Aim of the exercise: This exercise requires an exact output of the listing, images omitted.

Source data:
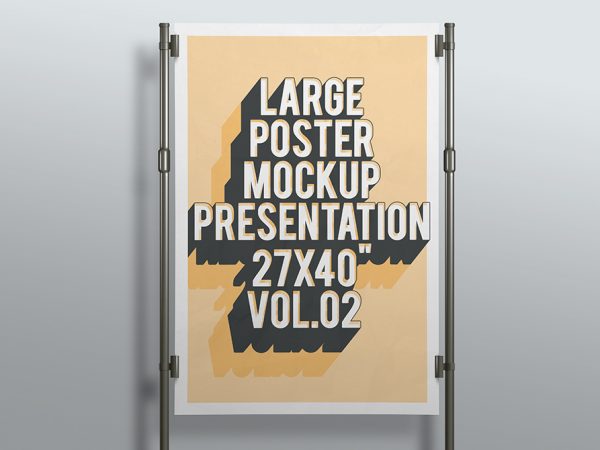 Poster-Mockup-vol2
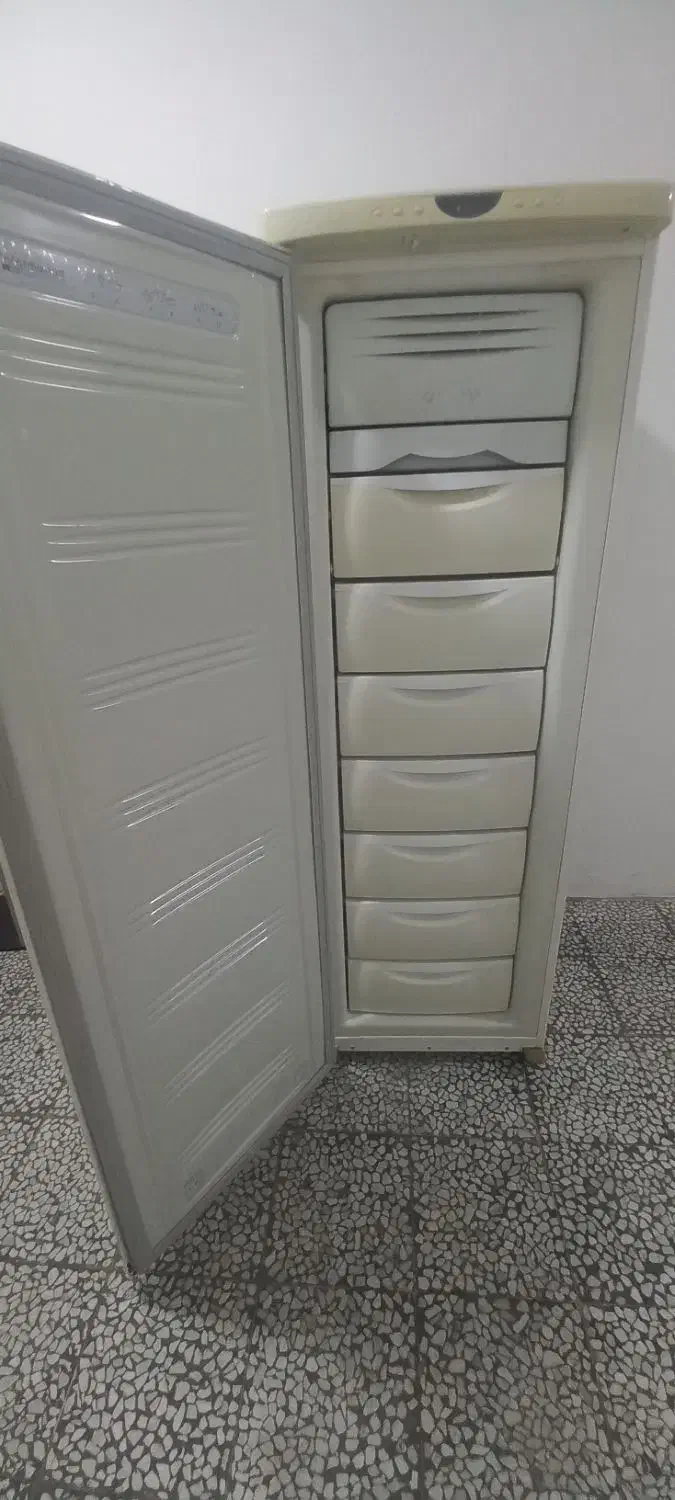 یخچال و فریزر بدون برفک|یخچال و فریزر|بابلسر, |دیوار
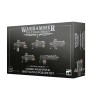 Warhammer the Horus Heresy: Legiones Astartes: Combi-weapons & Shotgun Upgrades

Response to the exercise:
 Poster-Mockup-vol2
 یخچال و فریزر بدون برفک|یخچال و فریزر|بابلسر, |دیوار
 Warhammer the Horus Heresy: Legiones Astartes: Combi-weapons & Shotgun Upgrades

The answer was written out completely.